There was evidence of underlying lymphocytic thyroiditis (Hashimoto thyroiditis) in 44 (24.4%) patients. There was pathologic evidence of multifocal disease in 57 (31.7%) patients. Fifty-one (28.3) patients had evidence of vascular and/or lymphatic invasion (Table 1). All patients who died had either vascular and/or lymphatic invasion.

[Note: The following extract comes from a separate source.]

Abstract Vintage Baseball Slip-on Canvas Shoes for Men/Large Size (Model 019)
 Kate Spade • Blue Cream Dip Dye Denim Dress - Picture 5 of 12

Ninety-seven (53.9%) had lobectomy and isthmusectomy, and 29 (16.1%) had an extended hemithyroidectomy, giving a total of 126 (70.0%) patients who had conservative surgery. Twenty-nine (16.1%) patients underwent near-total thyroidectomy and 25 (13.9%) had a total thyroidectomy, resulting in 54 patients (30.0%) who had extensive surgery.
Of the 126 patients who had conservative surgery, 4 (3.2%) patients had a recurrence, all of which were in lymph nodes alone. Two of these patients were among the 107 patients with low TNM (1.9%), whereas 2 were among the 19 patients with high TNM (10.5%). All 4 patients required reoperation to resect the local lymph node recurrences. All patients in this group were alive and disease free at last follow-up. No patients had recurrence within the residual unresected thyroid gland (RT).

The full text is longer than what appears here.